BEGIN Dataset excerpts
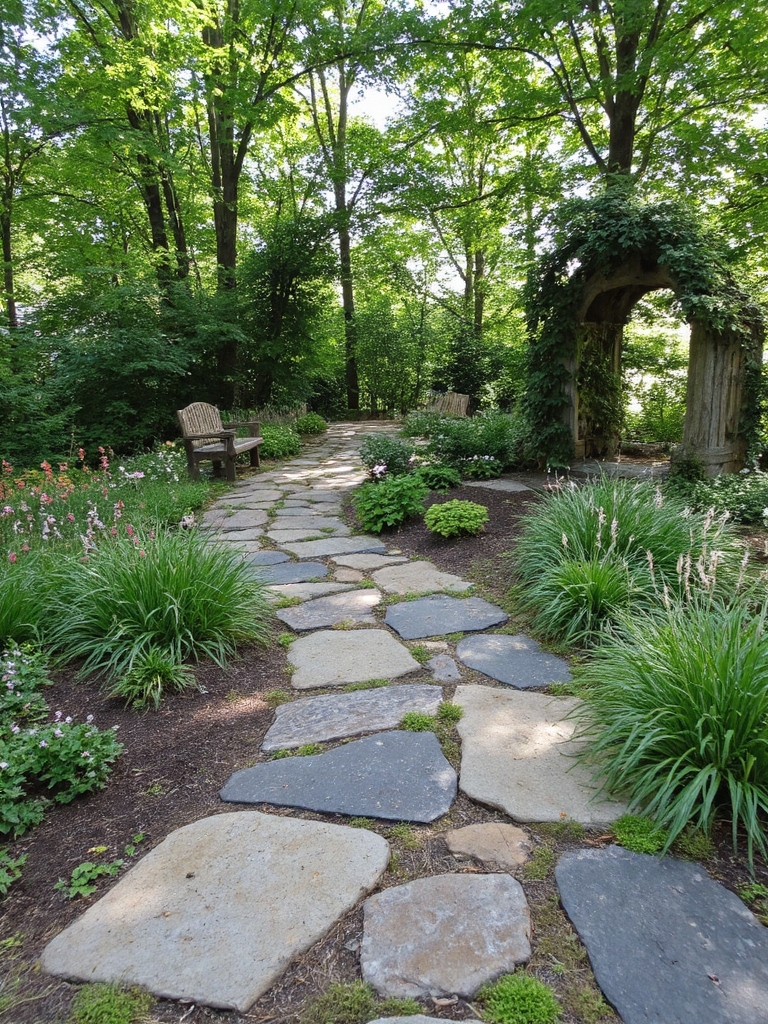 chemin de jardin en pierre naturelle
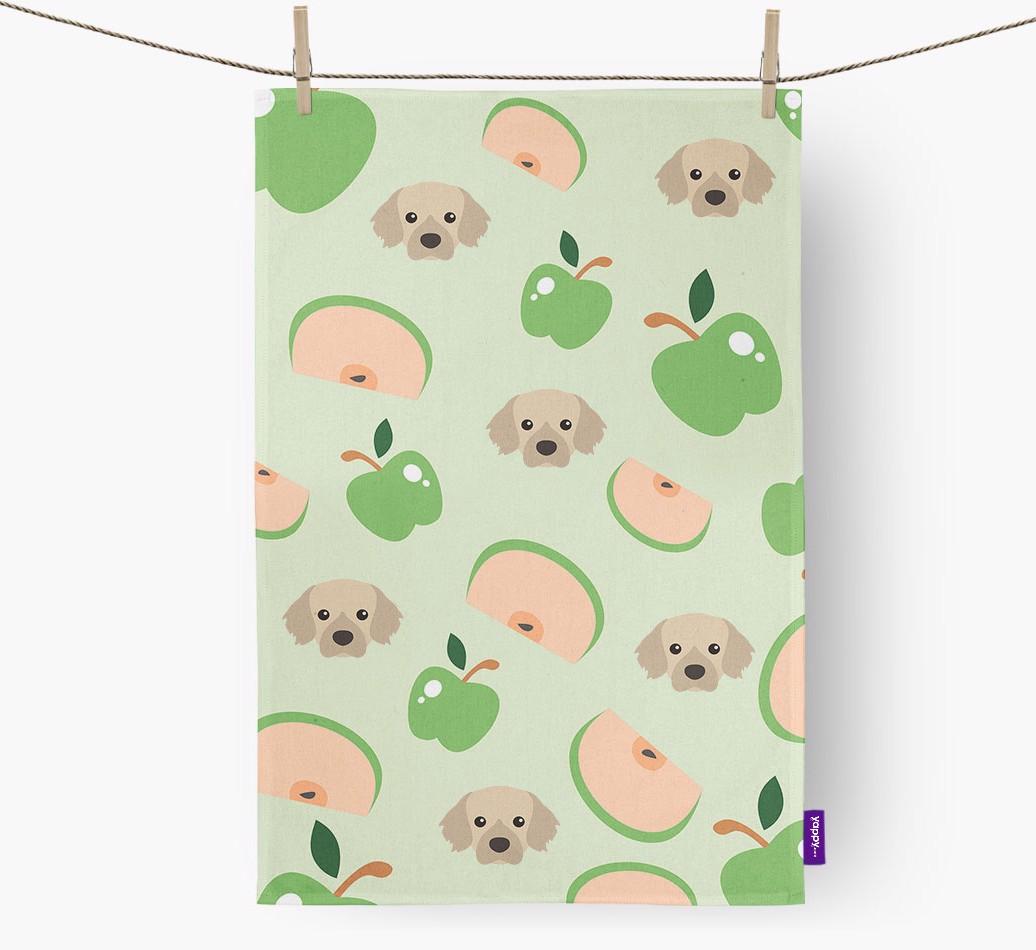 'Fruit Pattern' - Personalized {breedFullName} Tea Towel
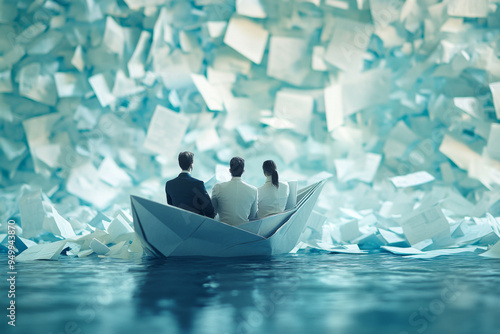 Équipe hommes - femmes d'affaires naviguant sur un bateau en papier à travers une mer agitée de papiers. Métaphore de la collaboration et de la navigation dans la complexité des affaires abstrait.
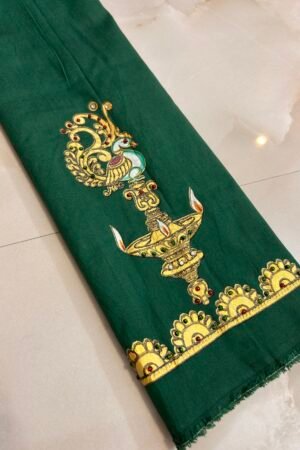 Tanjore painted blouse Green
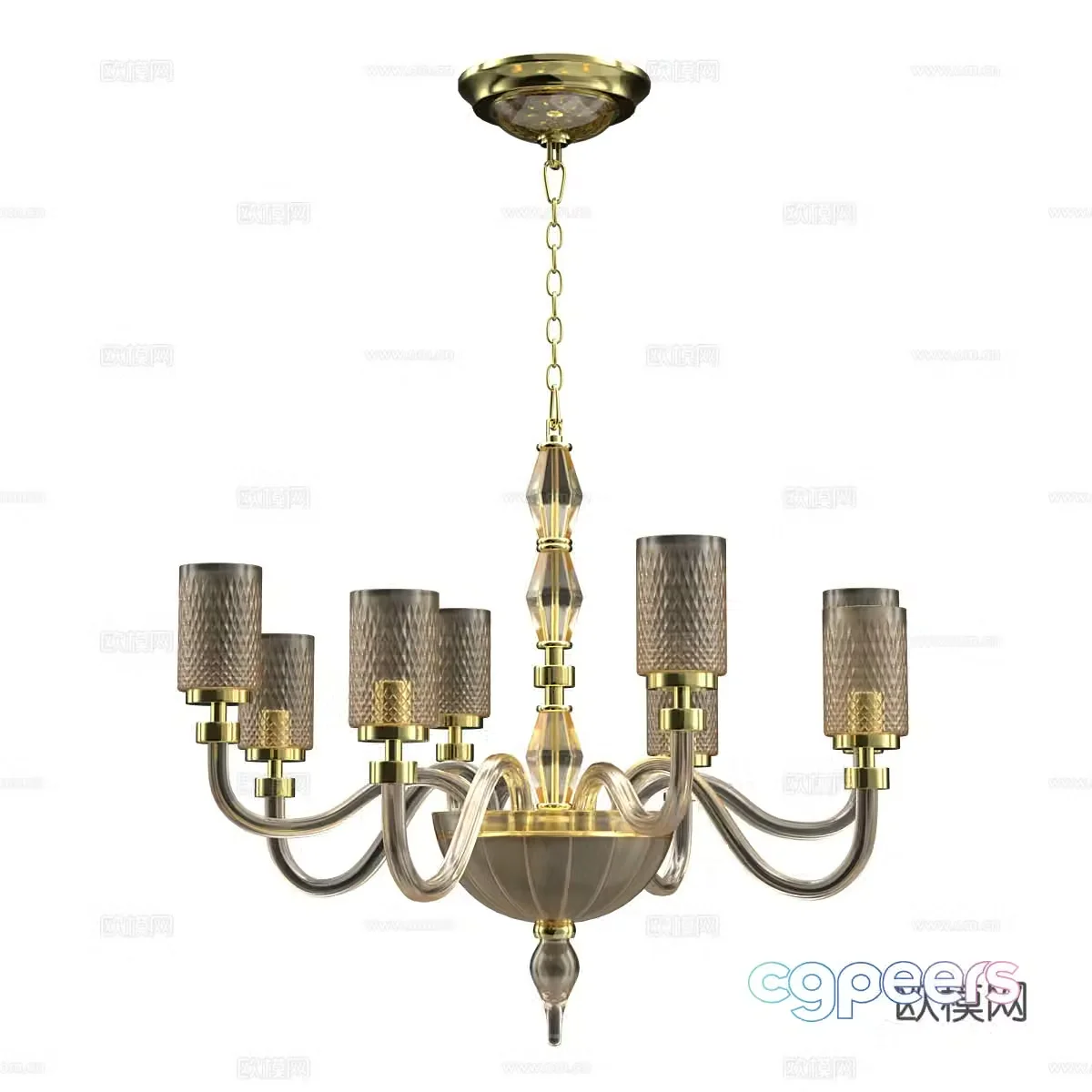 French chandelier living room chandelier 3d model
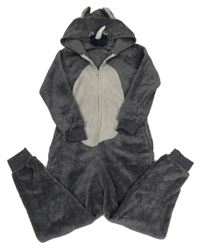 Tmavošedá chlupatá kombinéza s kapucí - nosorožec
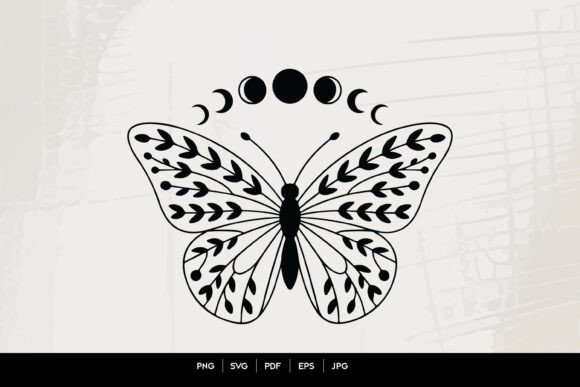 Download Moon Phase Butterfly Line Art - Art Collection
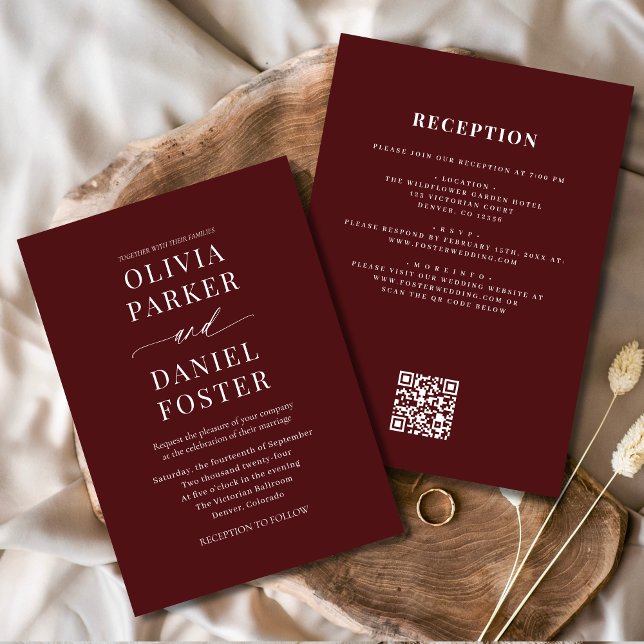 Invitation Tout en un élégant Mariage de code QR de Bourgogne (Créateur téléchargé)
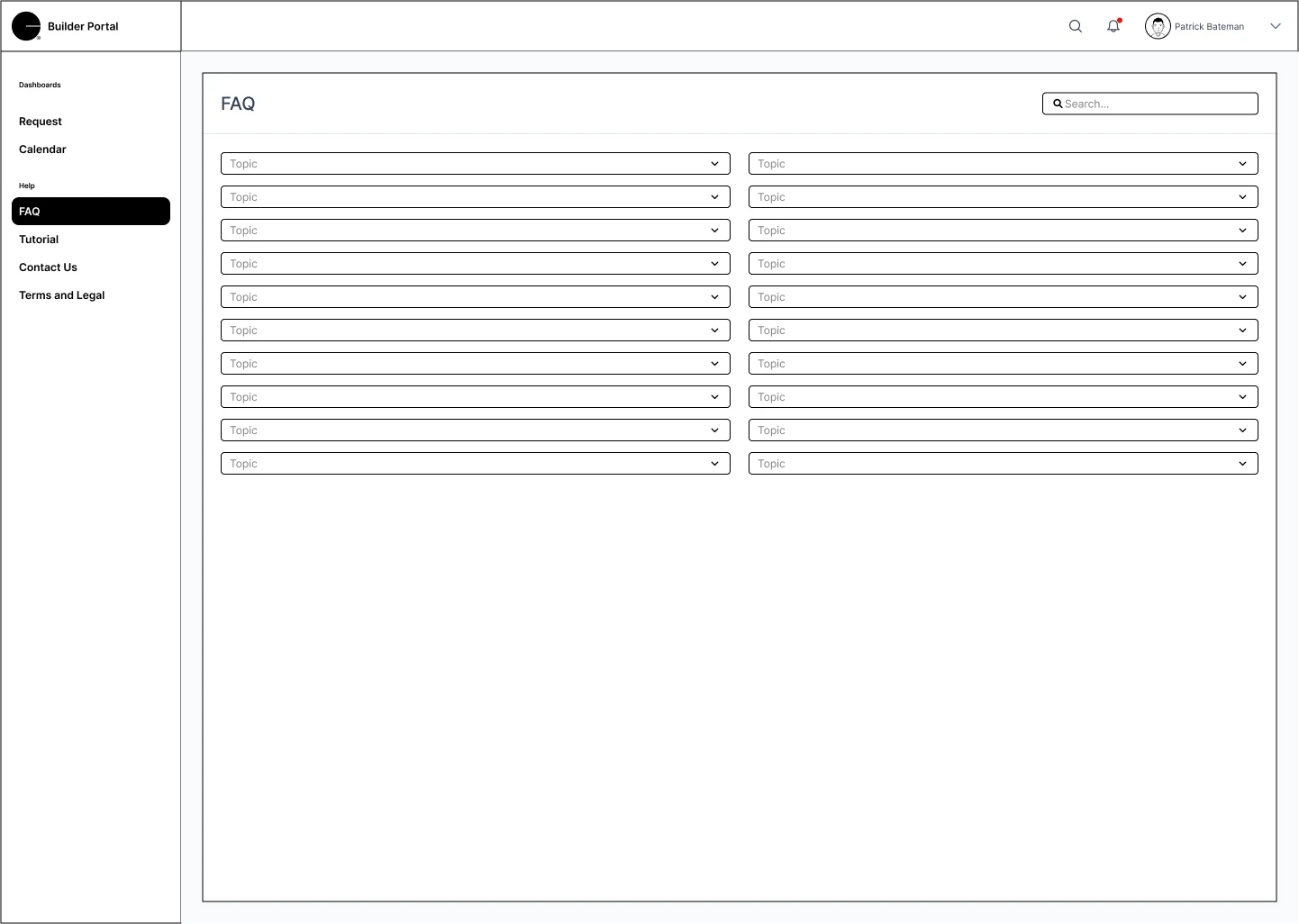Builder Portal Wireframe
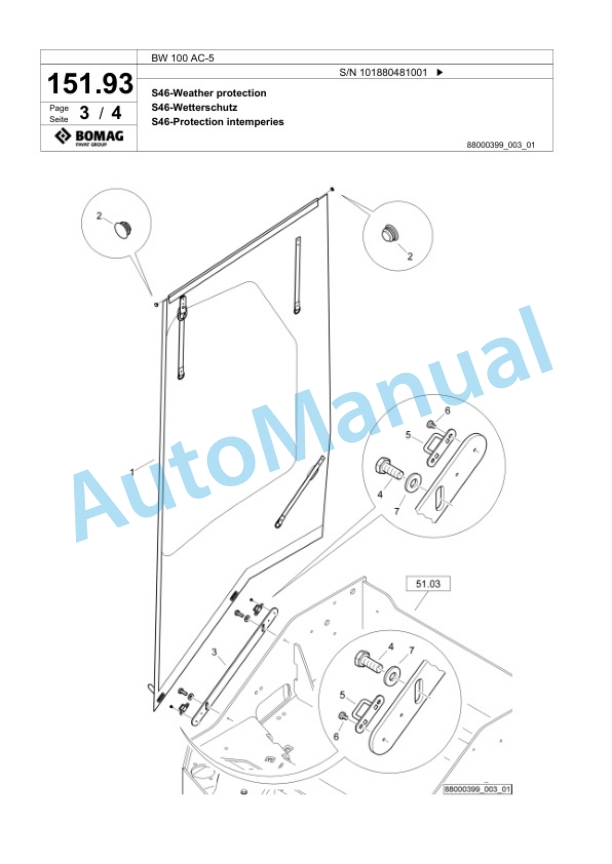 Bomag BW 100 AC-5 Combination Roller Spare Parts Catalogue 00825361 4 Bomag BW 100 AC-5 Combination Roller Spare Parts Catalogue 00825361-4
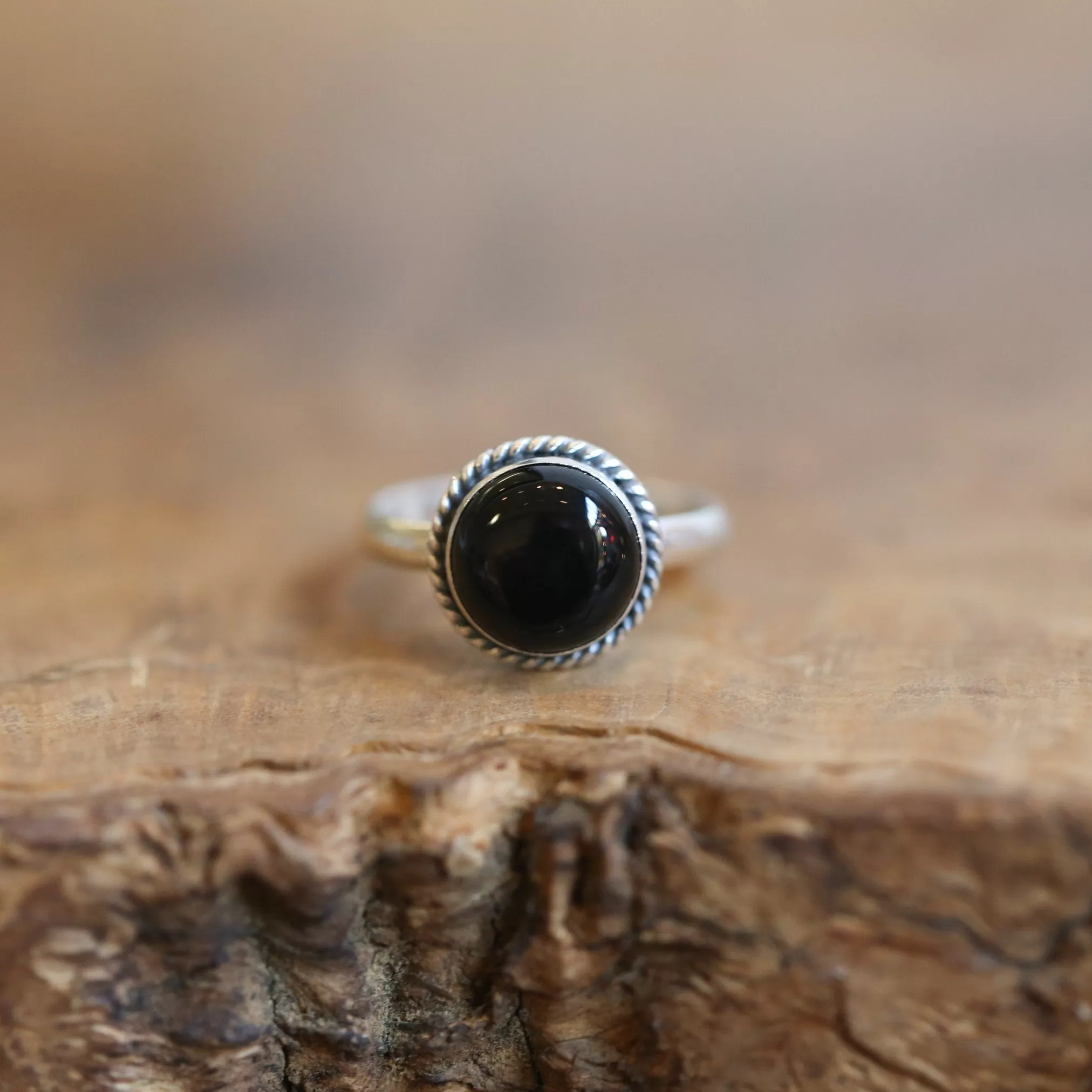 Black Agate Ring - Silversmith Ring - Western Ring - Black Onyx Stacking Ring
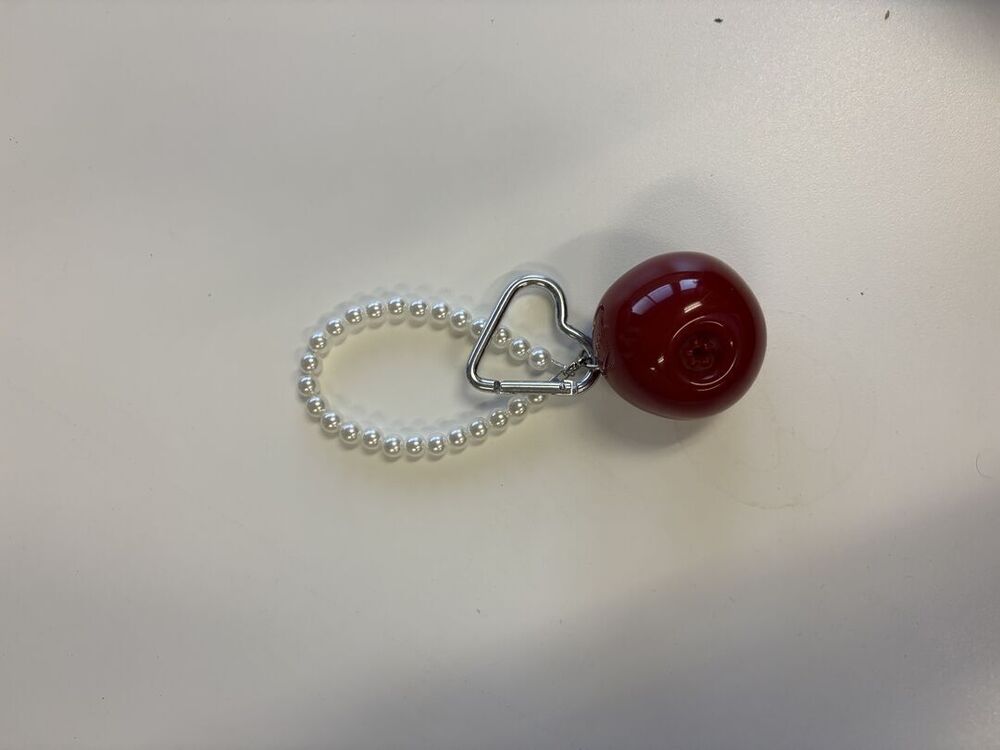 Red Ball Pearl Strap Bag Charm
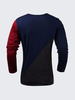 Mens Spring Fall Fashion Slim Fit Stitching Color Long Sleeve T-shirt
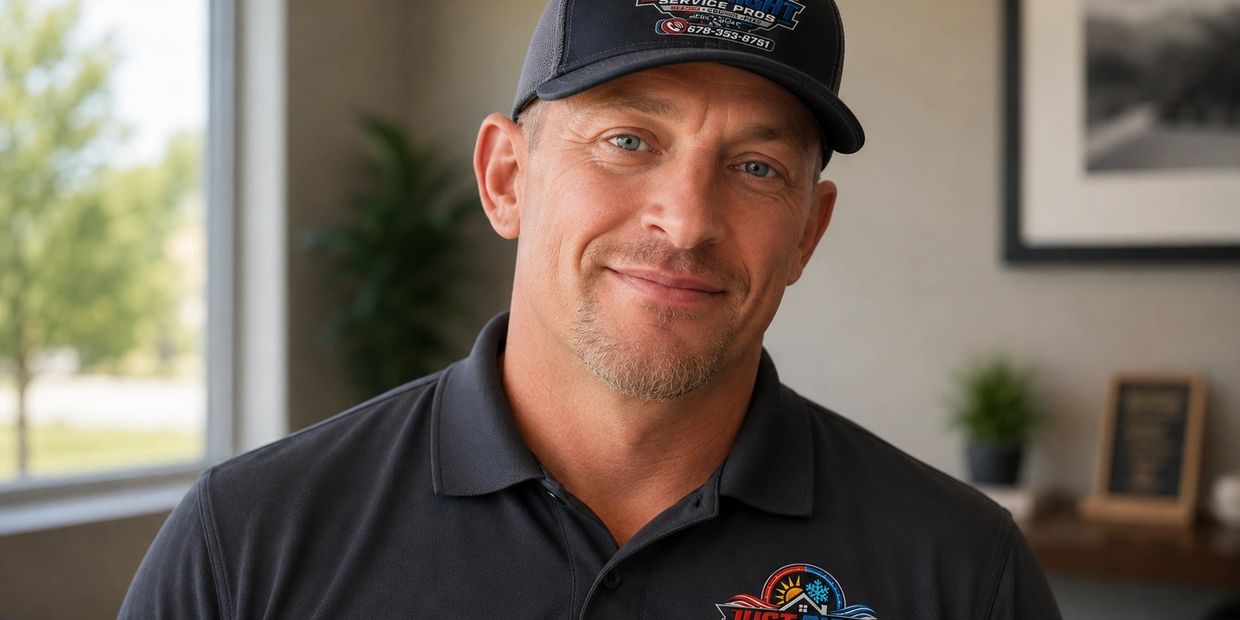 Man in a branded polo and cap smiling warmly.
END Dataset excerpts
Task directions
Please retype the lines from the one that contains "Mens Spring Fall" to the final line of the records, both included, exactly as written and without any pictures.

Task solution
 Mens Spring Fall Fashion Slim Fit Stitching Color Long Sleeve T-shirt
 Man in a branded polo and cap smiling warmly.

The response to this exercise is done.